AIM OF THE EXERCISE: While you copy the lines below, skip the pictures and keep the rest exact.

EXTRACTED INFORMATION:
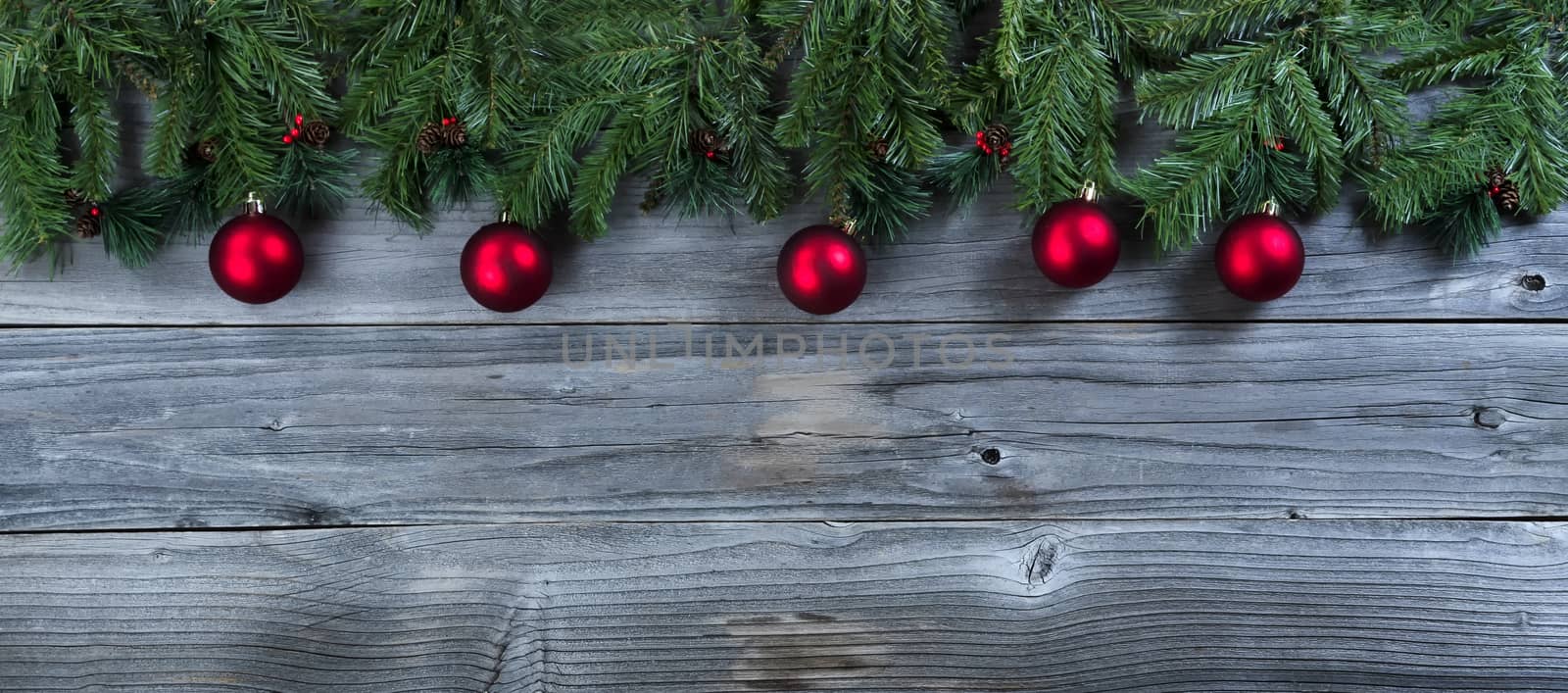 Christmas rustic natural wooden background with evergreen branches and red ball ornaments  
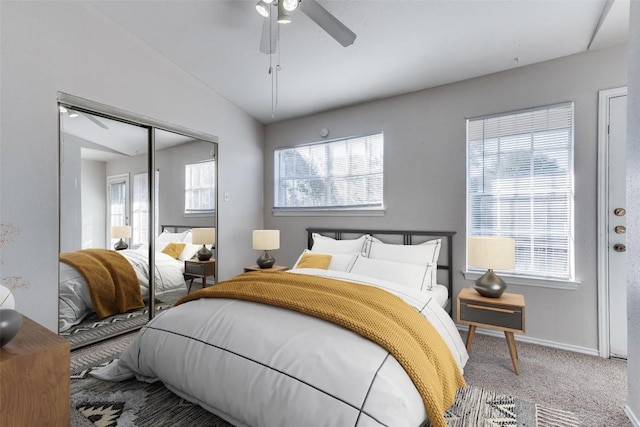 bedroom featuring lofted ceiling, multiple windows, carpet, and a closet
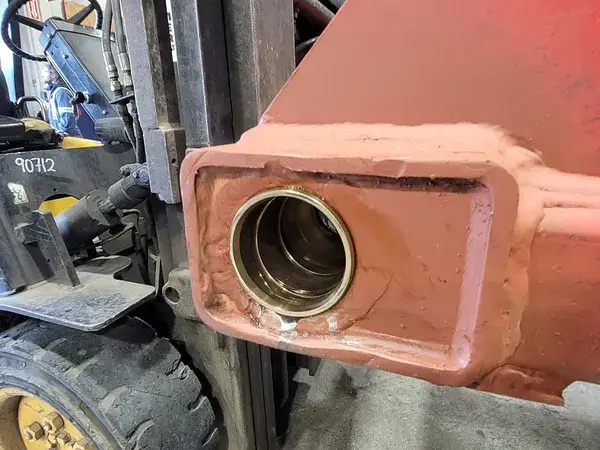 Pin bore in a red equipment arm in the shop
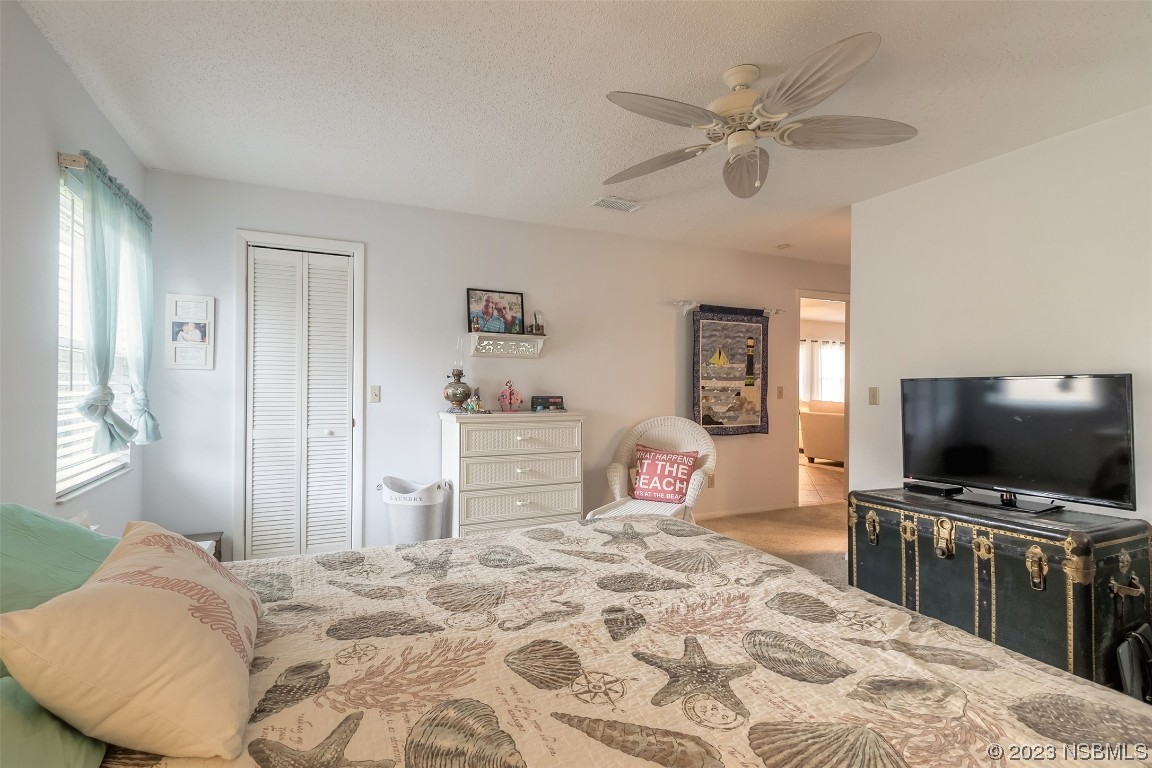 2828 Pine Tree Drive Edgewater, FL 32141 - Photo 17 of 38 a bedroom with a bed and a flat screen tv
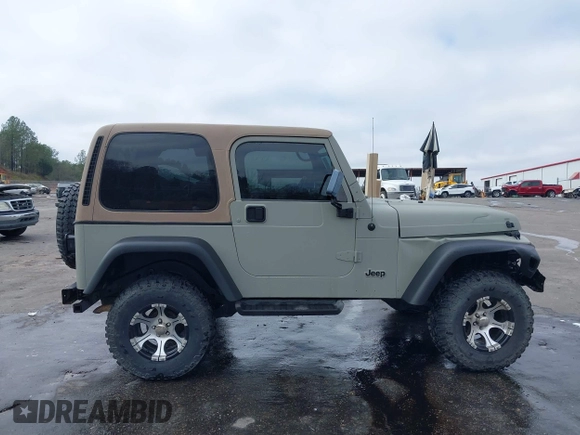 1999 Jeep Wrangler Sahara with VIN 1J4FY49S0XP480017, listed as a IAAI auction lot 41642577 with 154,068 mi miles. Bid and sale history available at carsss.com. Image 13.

REPLY:
 Christmas rustic natural wooden background with evergreen branches and red ball ornaments  
 bedroom featuring lofted ceiling, multiple windows, carpet, and a closet
 Pin bore in a red equipment arm in the shop
 2828 Pine Tree Drive Edgewater, FL 32141 - Photo 17 of 38 a bedroom with a bed and a flat screen tv
 1999 Jeep Wrangler Sahara with VIN 1J4FY49S0XP480017, listed as a IAAI auction lot 41642577 with 154,068 mi miles. Bid and sale history available at carsss.com. Image 13.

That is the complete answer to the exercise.